You can either copy and paste special|Formats or preselect the range to colour and apply the formula I gave to the whole range, the row references will auto update for each selected row.

----------


## daowen

I would say that is fantastic.  Thanks for your help on this one NBCV, my brain was coming up blank on it.

Dogu

----------


## MAZE03079

I'm having problems and I'm not sure what to do ... I'm trying to set up 3 CF's.

I'm trying to use the following CF's:

1.  IF the date in Column G is BLANK and the date in Column H is <TODAY()-1 then the text color should be RED ... the formula I'm using is:
=AND(G2="",H2<TODAY()-1)

2.  IF the date in Column G is BLANK and the date in Column H is =TODAY() then the text color should be BLACK ... the formula I'm using is:
=AND(G2="",H2=TODAY())

3.  IF the date in Column G is BLANK and the date in Column H is <=TODAY()+14 and >TODAY()+1 then the text color should be ORANGE ... the formula I'm using is: =AND(G2="",H2<=TODAY()+14,H2>TODAY()+1)
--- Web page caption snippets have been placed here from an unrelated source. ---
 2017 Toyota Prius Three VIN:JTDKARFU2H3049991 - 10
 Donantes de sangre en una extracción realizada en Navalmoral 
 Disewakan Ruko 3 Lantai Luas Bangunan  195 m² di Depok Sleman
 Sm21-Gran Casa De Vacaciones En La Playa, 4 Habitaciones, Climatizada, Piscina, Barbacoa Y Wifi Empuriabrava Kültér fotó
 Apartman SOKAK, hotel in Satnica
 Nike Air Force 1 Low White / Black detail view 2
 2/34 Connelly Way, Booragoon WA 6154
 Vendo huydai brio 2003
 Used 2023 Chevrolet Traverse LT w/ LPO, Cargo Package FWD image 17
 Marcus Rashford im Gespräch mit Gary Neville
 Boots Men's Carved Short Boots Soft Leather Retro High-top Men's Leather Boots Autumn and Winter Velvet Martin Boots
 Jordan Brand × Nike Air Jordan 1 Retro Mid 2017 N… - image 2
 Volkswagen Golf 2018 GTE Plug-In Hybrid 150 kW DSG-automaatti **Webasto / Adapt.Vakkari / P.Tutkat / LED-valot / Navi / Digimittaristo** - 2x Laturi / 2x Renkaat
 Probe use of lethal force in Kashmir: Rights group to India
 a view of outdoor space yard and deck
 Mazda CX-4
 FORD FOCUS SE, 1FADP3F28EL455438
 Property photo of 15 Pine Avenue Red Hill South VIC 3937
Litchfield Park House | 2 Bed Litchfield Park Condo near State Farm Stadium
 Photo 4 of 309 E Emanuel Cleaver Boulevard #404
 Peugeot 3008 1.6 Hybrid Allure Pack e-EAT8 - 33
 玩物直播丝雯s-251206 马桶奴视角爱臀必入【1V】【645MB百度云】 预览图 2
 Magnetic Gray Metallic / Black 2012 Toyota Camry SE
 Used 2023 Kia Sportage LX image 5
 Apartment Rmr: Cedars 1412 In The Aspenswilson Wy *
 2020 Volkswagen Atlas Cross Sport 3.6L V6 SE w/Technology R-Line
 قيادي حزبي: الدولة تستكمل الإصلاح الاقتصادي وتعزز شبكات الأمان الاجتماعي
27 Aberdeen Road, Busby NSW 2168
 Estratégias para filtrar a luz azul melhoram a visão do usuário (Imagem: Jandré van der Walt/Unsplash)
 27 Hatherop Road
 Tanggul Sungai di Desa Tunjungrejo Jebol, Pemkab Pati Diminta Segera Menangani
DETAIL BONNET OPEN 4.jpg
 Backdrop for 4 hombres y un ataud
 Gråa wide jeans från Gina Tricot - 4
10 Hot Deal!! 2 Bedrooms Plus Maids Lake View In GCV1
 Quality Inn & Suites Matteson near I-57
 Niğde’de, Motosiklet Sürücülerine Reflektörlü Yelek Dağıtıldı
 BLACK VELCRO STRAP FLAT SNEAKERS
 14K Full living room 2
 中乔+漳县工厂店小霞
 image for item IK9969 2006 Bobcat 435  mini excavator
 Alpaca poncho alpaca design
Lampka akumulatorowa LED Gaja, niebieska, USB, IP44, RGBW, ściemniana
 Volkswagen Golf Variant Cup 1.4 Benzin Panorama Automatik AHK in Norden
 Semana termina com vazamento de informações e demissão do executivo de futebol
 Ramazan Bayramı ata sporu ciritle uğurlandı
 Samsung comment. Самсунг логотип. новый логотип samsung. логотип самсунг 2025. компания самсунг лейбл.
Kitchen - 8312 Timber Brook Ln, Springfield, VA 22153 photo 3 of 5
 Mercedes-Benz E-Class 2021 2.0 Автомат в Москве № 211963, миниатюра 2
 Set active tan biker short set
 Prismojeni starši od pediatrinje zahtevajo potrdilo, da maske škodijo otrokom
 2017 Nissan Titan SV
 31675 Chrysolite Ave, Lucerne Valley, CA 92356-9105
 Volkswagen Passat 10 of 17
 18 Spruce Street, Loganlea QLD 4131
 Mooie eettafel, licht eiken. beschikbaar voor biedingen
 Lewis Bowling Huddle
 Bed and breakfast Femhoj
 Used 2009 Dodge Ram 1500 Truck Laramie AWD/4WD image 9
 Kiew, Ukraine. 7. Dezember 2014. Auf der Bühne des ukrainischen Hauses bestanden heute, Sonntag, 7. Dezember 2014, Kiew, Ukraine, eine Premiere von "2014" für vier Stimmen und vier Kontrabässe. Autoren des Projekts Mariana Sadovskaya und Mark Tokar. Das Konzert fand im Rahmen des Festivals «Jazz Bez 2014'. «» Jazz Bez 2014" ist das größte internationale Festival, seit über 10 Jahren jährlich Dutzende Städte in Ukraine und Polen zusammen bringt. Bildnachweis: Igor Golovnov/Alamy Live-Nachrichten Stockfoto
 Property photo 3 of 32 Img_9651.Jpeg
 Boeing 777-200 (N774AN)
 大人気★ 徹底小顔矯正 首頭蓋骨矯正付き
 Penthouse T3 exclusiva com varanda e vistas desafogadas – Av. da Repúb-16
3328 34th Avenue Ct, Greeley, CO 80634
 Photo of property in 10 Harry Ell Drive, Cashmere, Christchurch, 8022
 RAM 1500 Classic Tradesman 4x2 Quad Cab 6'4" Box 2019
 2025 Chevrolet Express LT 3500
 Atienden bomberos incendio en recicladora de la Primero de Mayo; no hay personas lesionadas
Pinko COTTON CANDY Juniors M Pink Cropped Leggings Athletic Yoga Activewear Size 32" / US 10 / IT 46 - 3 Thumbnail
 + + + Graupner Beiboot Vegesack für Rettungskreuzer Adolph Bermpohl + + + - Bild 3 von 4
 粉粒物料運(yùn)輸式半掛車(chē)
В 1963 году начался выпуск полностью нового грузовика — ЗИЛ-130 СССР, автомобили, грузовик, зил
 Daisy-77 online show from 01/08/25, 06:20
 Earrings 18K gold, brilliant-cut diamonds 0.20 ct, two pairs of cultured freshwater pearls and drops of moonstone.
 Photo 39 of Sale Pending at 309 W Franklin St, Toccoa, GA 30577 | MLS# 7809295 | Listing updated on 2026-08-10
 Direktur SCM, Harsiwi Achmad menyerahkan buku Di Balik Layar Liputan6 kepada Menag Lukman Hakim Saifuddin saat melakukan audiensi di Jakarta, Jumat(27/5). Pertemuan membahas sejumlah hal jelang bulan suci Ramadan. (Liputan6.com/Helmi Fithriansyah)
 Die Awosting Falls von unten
If there is a date entered in Column G then there's no CF in Column H

Unfortunately excel doesn't seem to like this.  I've created a separate columns to see if what I'm doing will at least give me TRUE or FALSE answers and they all work for the different scenario's ... but they don't work when I use them in the CF editor.

Any help will be greatly appreciated ...

----------